It was a roller coaster year in relations between China and its neighbors over the disputed, albeit potentially energy-rich, waters in the East and South China Seas.
Tensions between China and its neighbors over the disputed energy-rich territories of East and South China Seas oscillated between confrontation and cooperation in 2014, with development of potential petroleum resources remaining hostage to the changing relations.
Frosty Sino-Japanese ties were focused on a potential flashpoint at the Senkaku (Japanese) or Diaoyu (Chinese) islands in East China Sea, while China’s unilateral moves in the South China Sea – as it moved towards exploration and development of petroleum resources in the contested waters – heightened tensions with the 10-membered Association of Southeast Asian Nations (ASEAN), especially the Philippines and Vietnam.

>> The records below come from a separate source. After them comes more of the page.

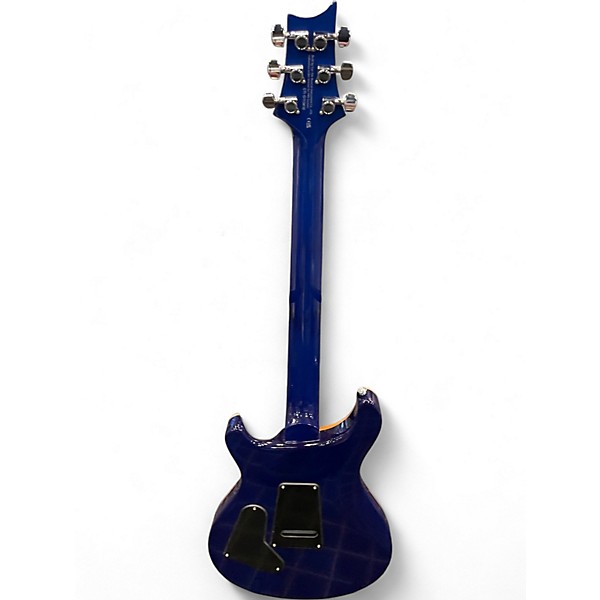 Used PRS SE Custom 24 Blue Solid Body Electric Guitar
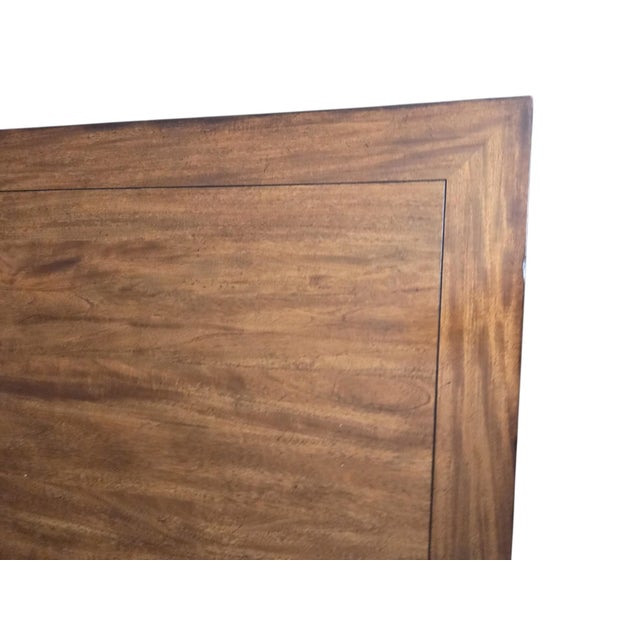 1990s Ethan Allen Cassidy Coffee Table Rectangular Cocktail Storage 2 Drawer Map Chest For Sale In Philadelphia - Image 6 of 17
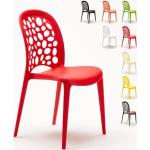 Chaises design rouges empilables modernes 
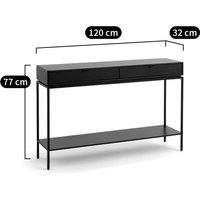 Ralto Metal & Leather Console Table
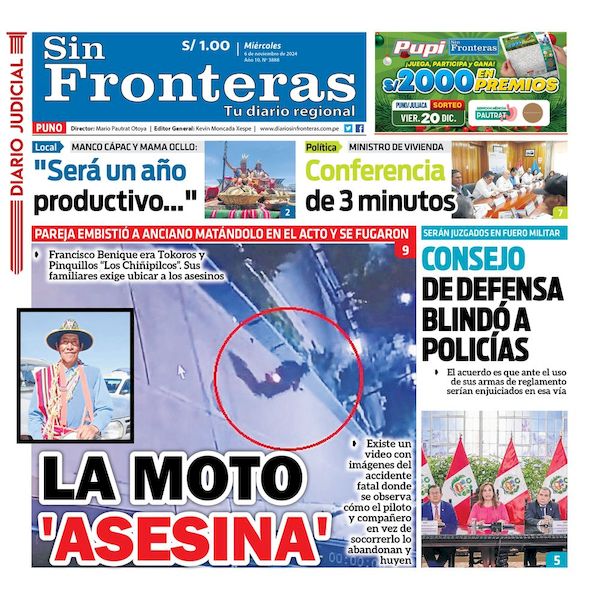 DIARIO SIN FRONTERAS PUNO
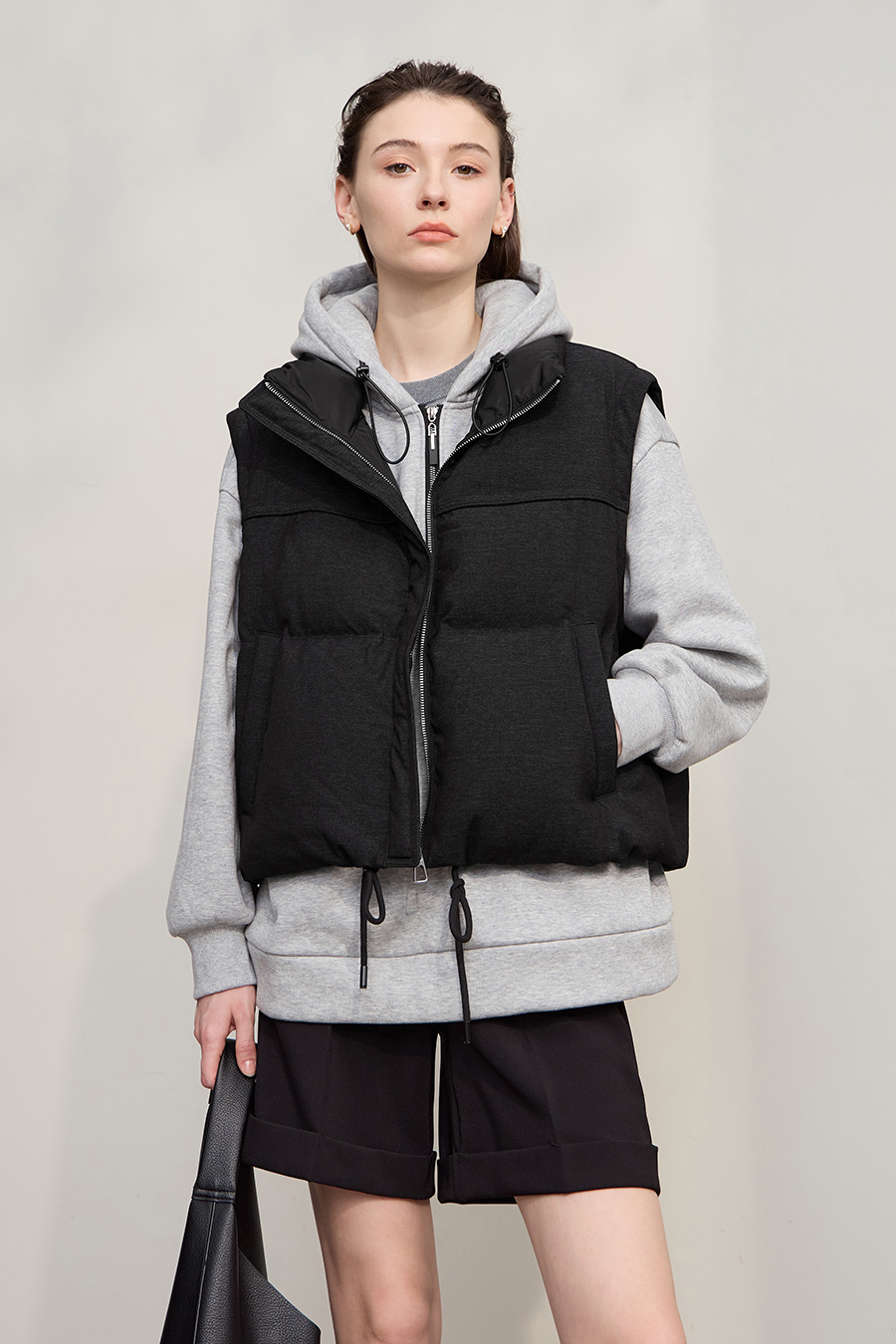 Detachable Sleeve Two - way Down Jacket|AMII-AMII.com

Remote Prospects for Upstream Developments in East China Sea
China has always been active in looking for energy resources to boost economic growth since opening up the country to foreign investments in the late 1970s. Recently, the International Monetary Fund reported that China overtook the United States as the world’s largest economy for 2014, with economic output of around $17.6 trillion compared to $17.4 trillion for the United States, Forbes said Dec. 7.
China’s energy consumption has risen to keep pace with a growing economy. Its oil demand is expected to almost double from 10.7 million barrels of oil per day (MMbopd) in 2013 to 20 MMbopd, while the corresponding increase in gas consumption will be from 4.7 trillion cubic feet (Tcf) to 17.5 Tcf, figures from the U.S. Energy Information Administration (EIA) revealed.
In contrast to strong energy demand growth in China, Japanese oil needs during this period are expected to decline from 4.6 MMbopd to 3.6 MMbopd, while gas consumption may post a marginal increase from 4.7 Tcf to 5.2 Tcf, EIA reported.
The Sino-Japanese dispute in the East China Sea centered on a territorial row over the Diaoyu/Senkaku islands, currently occupied by Japan. Both countries are keen to control the islands given its proximity to important shipping lanes and rich fishing grounds as well as potential oil and gas reserves. The mostly underexplored East China Sea contains around 200 million barrels of oil in proved and probable oil reserves, while similar reserves of natural gas were pegged at between 1 and 2 Tcf, the EIA said in its September report.